Fitch Ratings has affirmed Southern Gas Corridor CJSC’s (SGC) senior unsecured Eurobonds’ long-term foreign currency rating at ‘BB+’.
The affirmation reflects Fitch’s unchanged view on SGC’s USD2 billion Eurobonds maturing in 2026 fully guaranteed by the Republic of Azerbaijan (BB+/Stable).
KEY RATING DRIVERS
The rating reflects the unconditional, unsubordinated and irrevocable guarantee of full and timely repayment provided to noteholders by the Azerbaijan government. As a result, Fitch views the notes as equalised with the sovereign Foreign-Currency IDR.
According to the deed of guarantee, Azerbaijan guarantees the noteholders the due and punctual payment of all sums payable by SGC under the notes. Noteholders can enforce their claims directly against Azerbaijan without being required to institute legal actions or proceedings against SGC first. The guarantee is governed by English law and would rank pari passu with all other unsecured external sovereign debt. The reserves for the guarantee coverage have been taken into account in Azerbaijan government’s budget for 2018.
According to management’s forecast, SGC’s net financial needs for operations and capex will be close to USD2.2 billion in 2018-2019 taking into account proceeds from the operation of Shah Deniz and South Caucasus Pipeline. Fitch expects SGC to raise loans from development institutions and tap debt capital markets for funding in the medium term, while bonds and loans could be supplemented by state capital injections should offered market terms be unacceptable.
SGC’s funding stems from a combination of debt and equity originated from the state; USD2.5 billion bonds issued in favour of State Oil Fund of the Republic of Azerbaijan at below market rates (LIBOR + 1%) and regular capital injections, which totalled USD2.4 billion as of end-2017. In addition, SGC placed sovereign-guaranteed bonds of USD2 billion via two tranches in March 2016 and March 2017.

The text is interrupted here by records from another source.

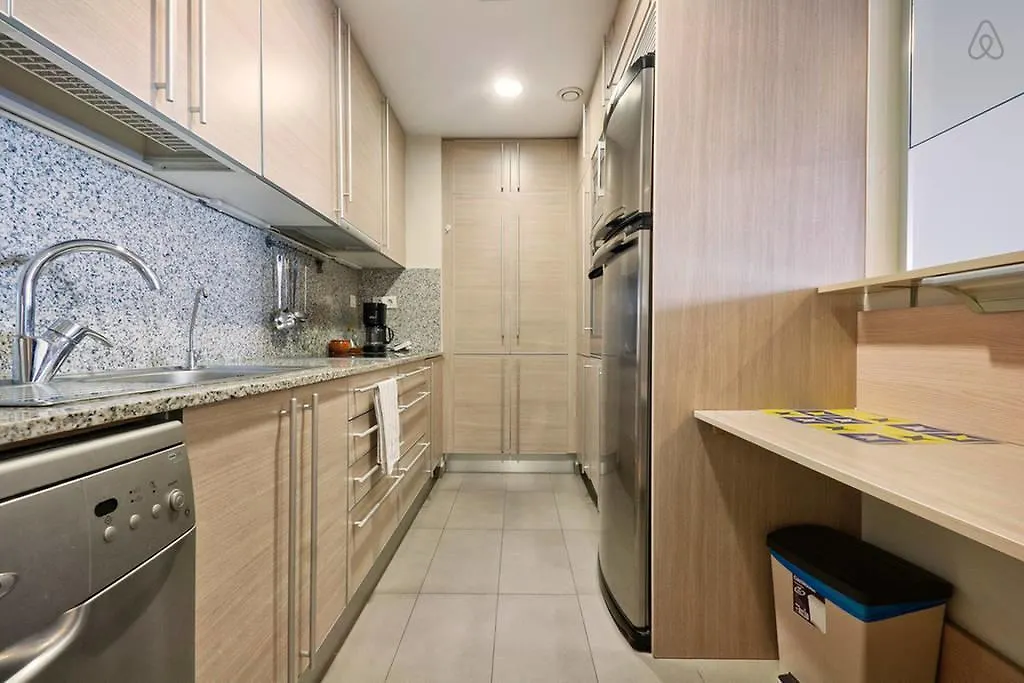 ברצלונה Apartment Familiar 0*,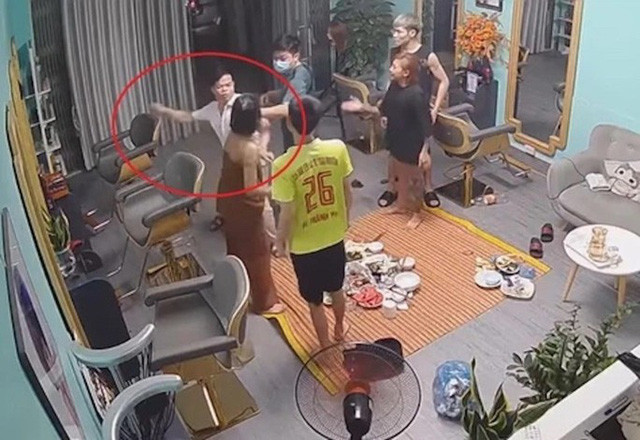 Được biết, đến nay vẫn chưa có kết luận cuối cùng về vụ việc cũng như hình thức xử lý với người vi phạm. Tuy nhiên, quan điểm của lãnh đạo Công an tỉnh Cao Bằng là “kiên quyết xử lý”, “không bao che, không dung túng” với cán bộ vi phạm. Đây không phải là lần đầu tiên cán bộ Công an có hành vi thiếu chuẩn mực ngoài cộng đồng.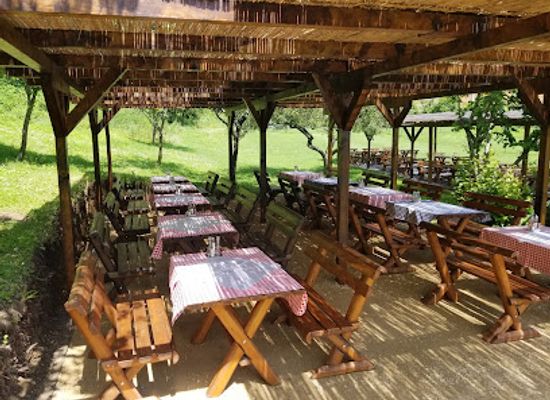 serbia/fruska-gora-national-park/restaurant/etno-restoran-sumski-raj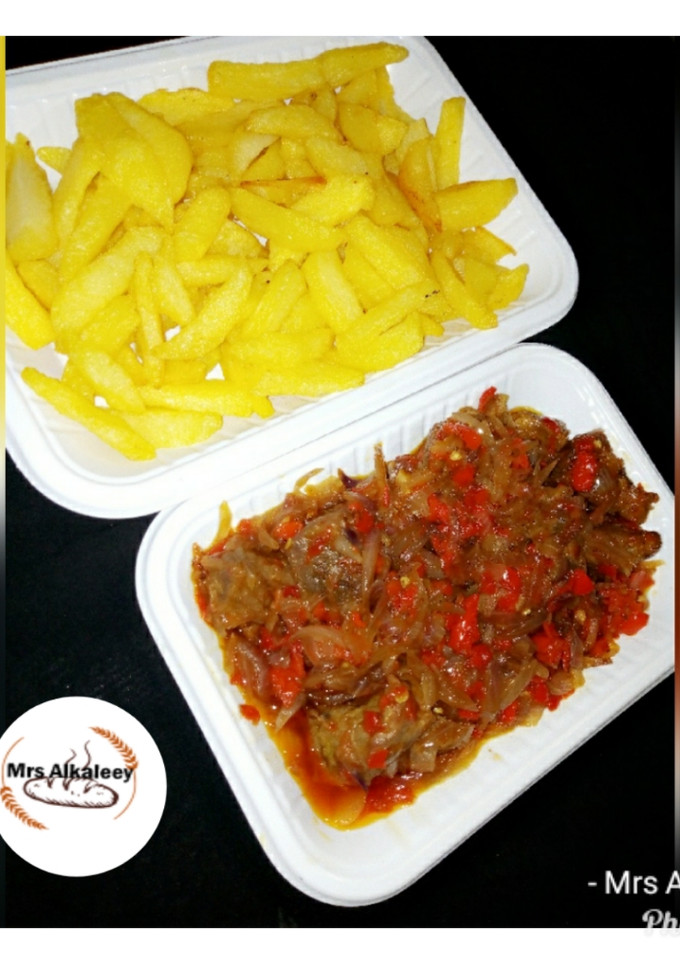 A picture of Fried Irish with meat souce.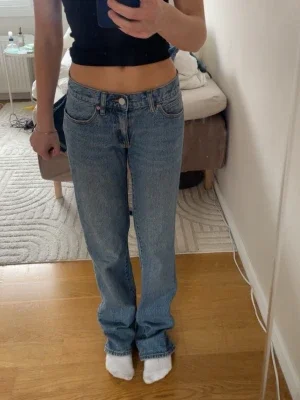 Blå raka jeans från abrand jeans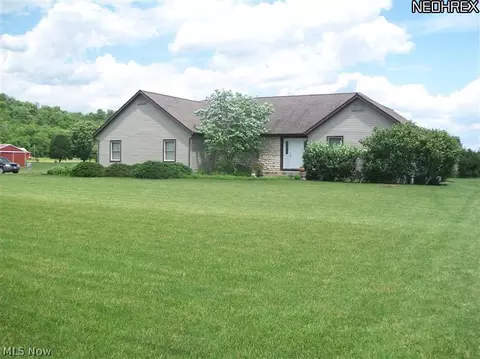 12960 Bottom Rd, Dresden, OH 43821 photo 2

SGC acts as a financial vehicle and asset holding agent in the gas export sector of Azerbaijan with stakes in the Shah Deniz gas-condensate field and gas pipelines stretching to southern Europe via Georgia and Turkey. The entity is tightly controlled by Azerbaijan, i.e. it ultimately owns 100% in SGC via a 51% stake held by the Ministry of Economy and a 49% stake held by the State Oil Company of Azerbaijan Republic (SOCAR, BB+/Stable). The supervisory board is composed of high ranking government officials and regularly approves SGC’s major financial and operational decisions.
In Fitch’s view, projects under SGC’s development carry strategic importance for Azerbaijan’s long-term macroeconomic stability, as it is highly dependent on hydrocarbons, which accounted for 64% of current account receipts in 2017. According to our estimate, Azerbaijan will gradually shift its reliance on oil to gas as aging oilfields from the Soviet period push the government to develop new revenue sources. In 2017 oil production declined by 6% due to the natural depletion and compliance with the OPEC/non-OPEC production cut deal. Future growth is likely to be driven by stage 2 of Shah Deniz, which the BP-led consortium expects to become operational in late 2018 and produce up to an additional 16 bcma of natural gas and 105 thousand barrels of condensate per day.
The strategic importance of SGC is further strengthened by the cross-border nature of its projects, involved intra-governmental commitments and political support from transit states, the EU and consumers. Most of the gas is already contracted up to 2045 by buyers from the EU and Turkey. In 2017 SGC also secured direct financing of its stakes in the projects from the following international financial institutions: USD0.4 billion from IBRD (part of World Bank group), USD0.6 billion from Asian Infrastructure and Investment Bank, USD1 billion from Asian Development Bank, USD0.5 billion from European Bank for Reconstruction and Development, all of which were fully guaranteed by the Republic of Azerbaijan.
RATING SENSITIVITIES
The rating of the senior unsecured notes is equalised with that of the Republic of Azerbaijan. Accordingly, any changes in the sovereign rating will be reflected in the notes’ rating. Furthermore, any sign of the Republic of Azerbaijan’s intention to non-honour or revoke the guarantee would be rating negative.